Terkadang kita mempertanyakan mengapa ada wanita yang baik mendapatkan suami yang kurang baik, begitu pula sebaliknya. Berkaitan dengan hal tersebut penulis menjelaskan bahwa yang tampak baik atau buruk di mata manusia belum tentu nampak demikian di mata Allah dan terkadang hal tersebut merupakan ujian Allah bagi hamba-Nya.Penulis juga tak lupa menyoroti tentang pentingnya sumber informasi yang terpercaya bagi kita dalam mencari jodoh dan juga sindiran penulis mengenai fenomena bahwa sebagian orang tak kunjung menemukan jodohnya lantaran tingginya kriteria yang ditetapkan padahal, menurut penulis, termasuk mempersulit diri adalah setiap halangan yang timbul karena kita membatasi hal yang telah dilapangkan Allah, mempersempit hal yang telah diluaskan-Nya dan memperberat hal yang diringankan-Nya sehingga kita tidak mampu mencapainya.

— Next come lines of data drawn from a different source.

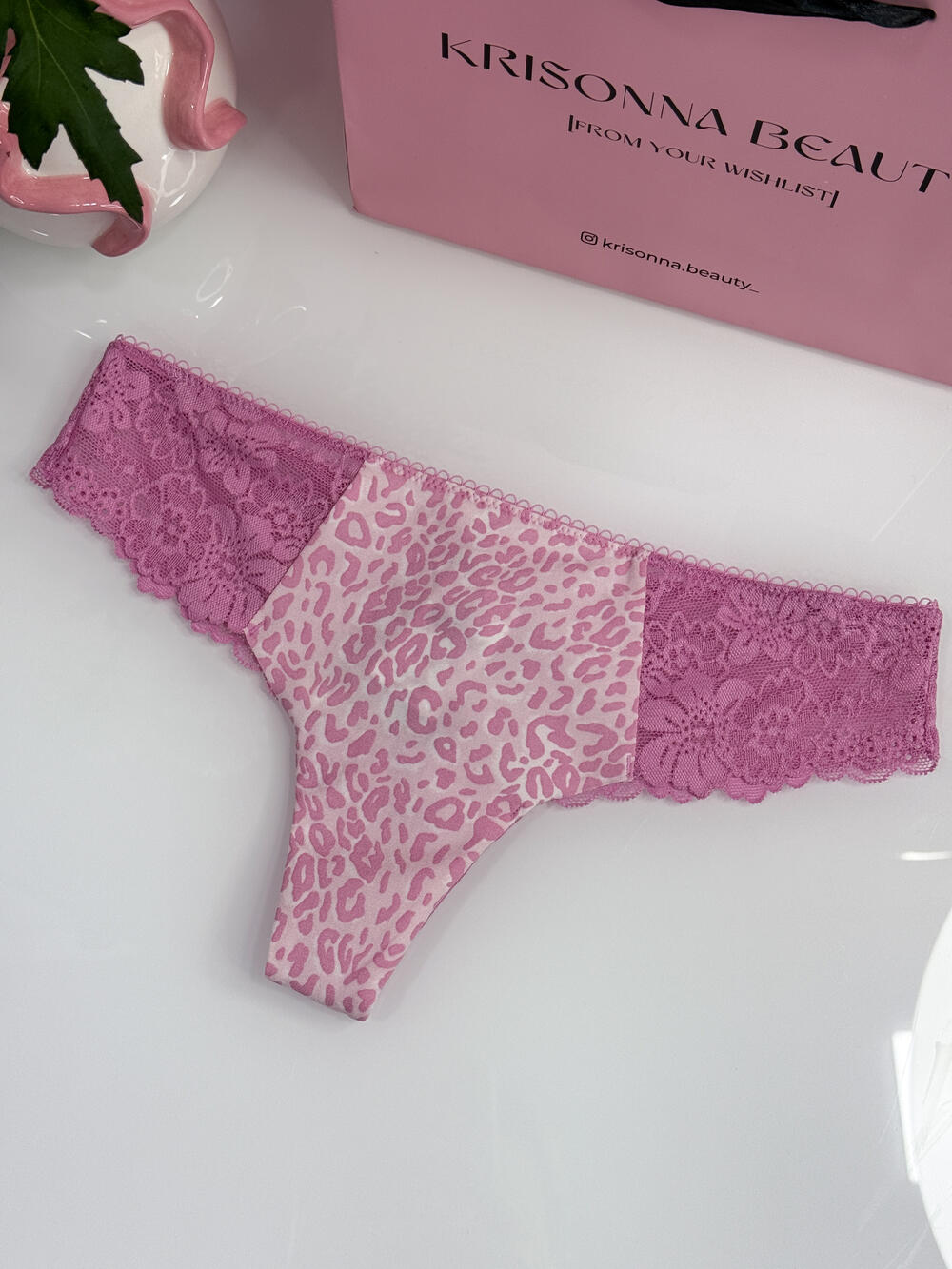 No-Show Thong Panty розмір S Moonstone Pink Leopard Print (6H82) 
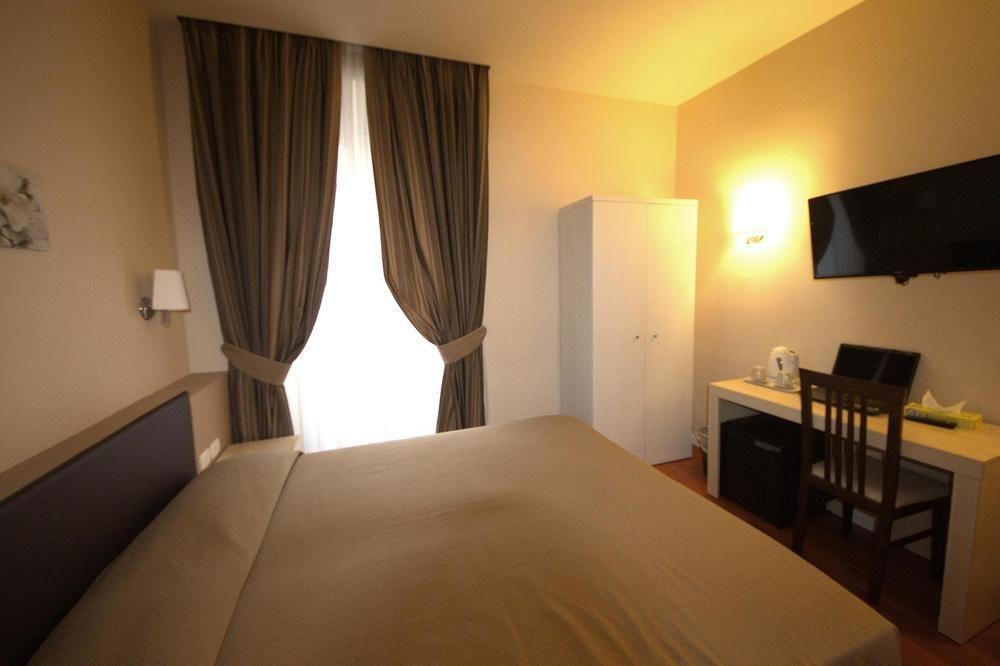 Hotel Saturnia Рим Екстер'єр фото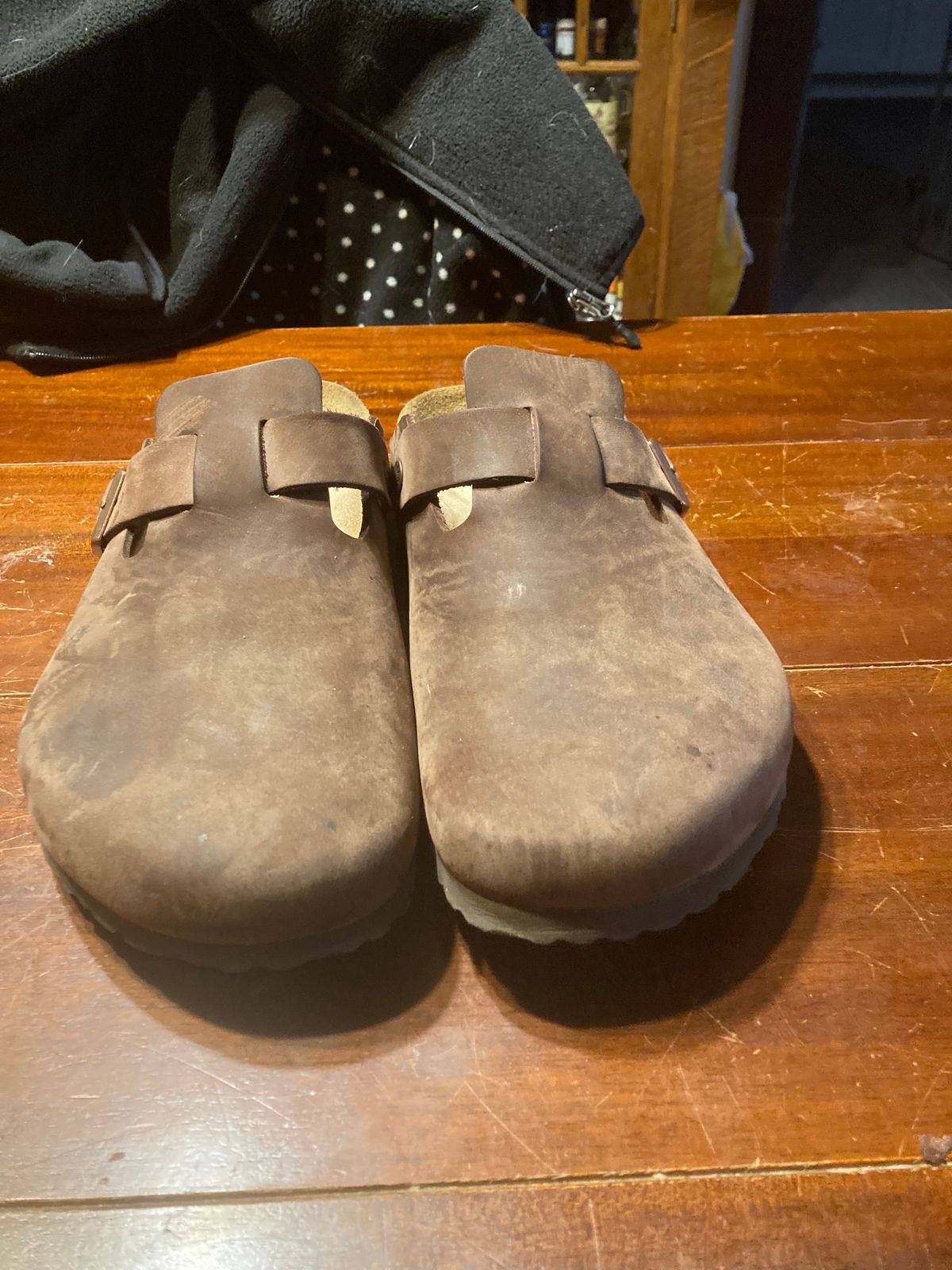 Photo by sigben59 on January 4, 2024 of the Birkenstock Boston in Habana Oiled Leather.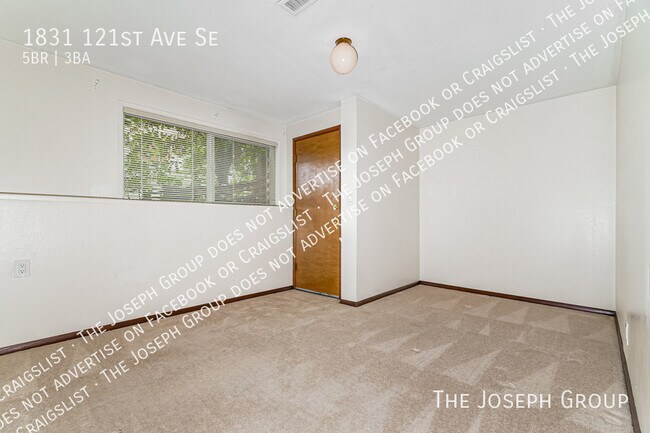 Building Photo - 1831 121st Ave SE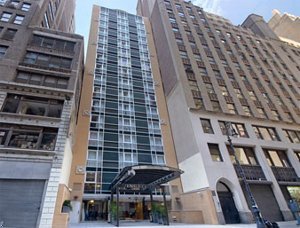 Wingate Hotel on 35th St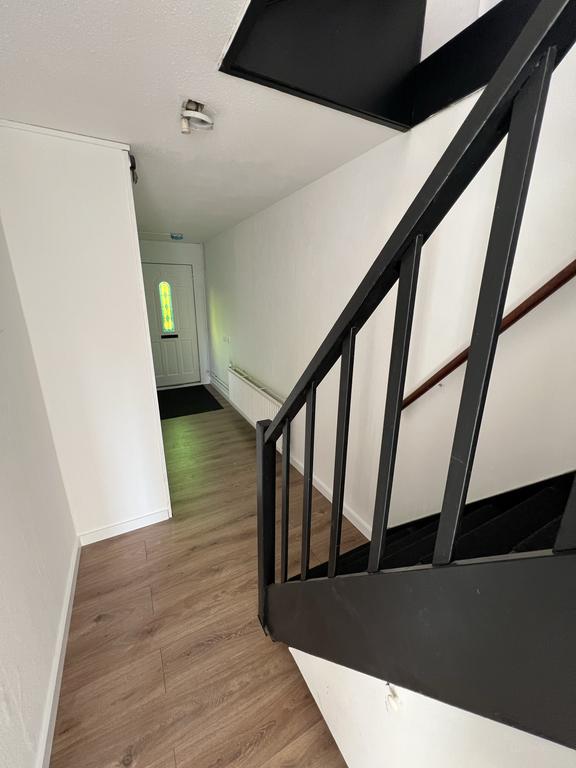 Vijf slaapkamers, twee keukens en een tuin - Afbeelding 5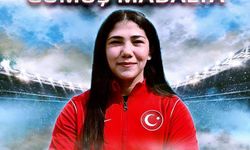 Erzincanlı Kadın Sporcular İspanya'da Madalya İle Dönüyor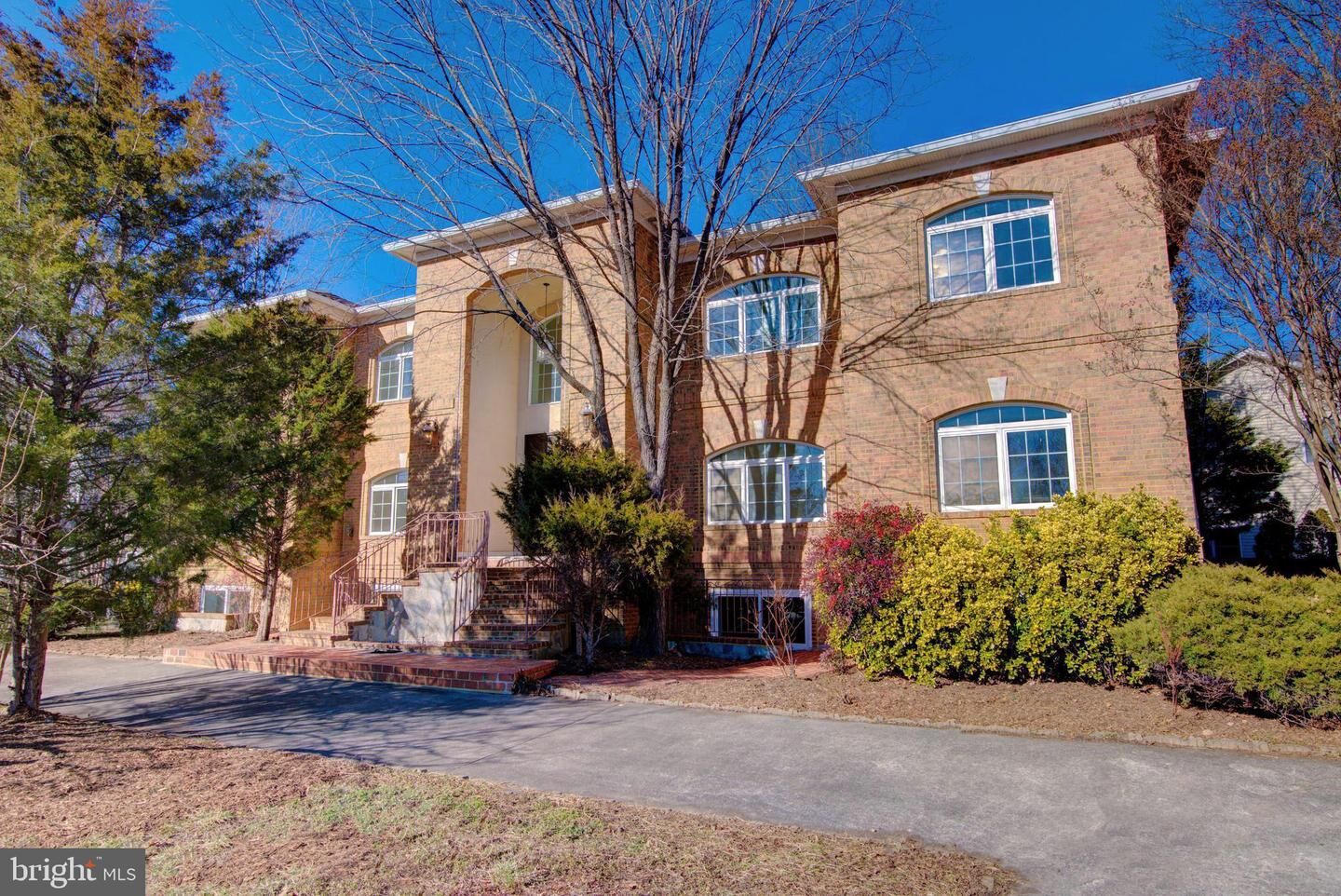 Property Photo:  7500 Arlington Boulevard  VA 22042 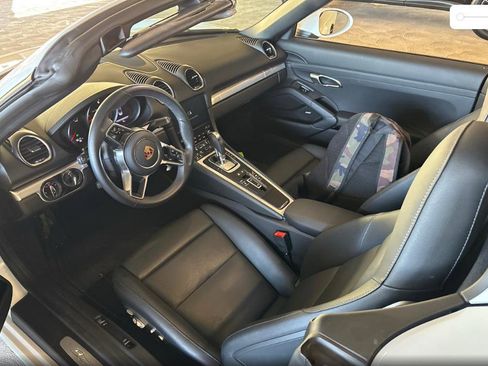 Used 2024 Porsche 718 Boxster image 4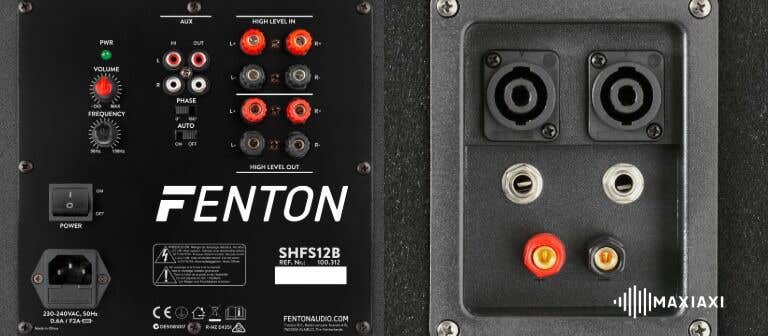 Anschlussfeld eines aktiven Subwoofers auf der linken Seite und Anschlussklemmen eines passiven Tieftöners auf der rechten Seite.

Hal yang mendapat penekanan dalam buku ini adalah mengenai nazhar (melihat) calon istrinya. Dibahas dalam dua bab berikutnya, penulis menekankan pentingnya nazhar sebelum pernikahan sebab hal tersebut akan lebih menjamin kelanggengan hidup rumah tangga. Dalam buku ini juga dibahas apa saja yang boleh dilihat, cara melakukan nazhar dan bahwa wanita juga perlu melihat. Dipaparkan pula hadits-hadits mengenai nazhar beserta riwayat terkait.
Penulis sekali lagi ‘menyentil’ mengenai orang-orang yang tak kunjung memperoleh jodoh lantaran menurut beliau mempersulit apa yang telah Allah mudahkan dengan tingginya kriteria. Ketika engkau merasa tak sanggup menanggung kesendirian, serulah Tuhanmu dengan penuh kesungguhan “Rabbi, laa tadzarni fardan wa anta khairul waritsin (Tuhanku, jangan biarkan aku sendirian. Dan Engkau adalah sebaik-baik warits) (Q.S. Al Anbiya’:89)Buku setebal 270 halaman ini ditutup dengan bab ”Ketika Wanita Harus Menawarkan Diri”. Dalam bab ini diceritakan mengenai Khadijah ra yang menawarkan dirinya untuk diperistri nabi dengan mengutus Maisarah untuk mengikuti perjalanan dagang yang dipimpin Muhammad SAW dan dengan mengutus Nafisah binti Munayyah untuk menjajaki kemungkinan sekaligus menawarkan apabila terlihat adanya peluang.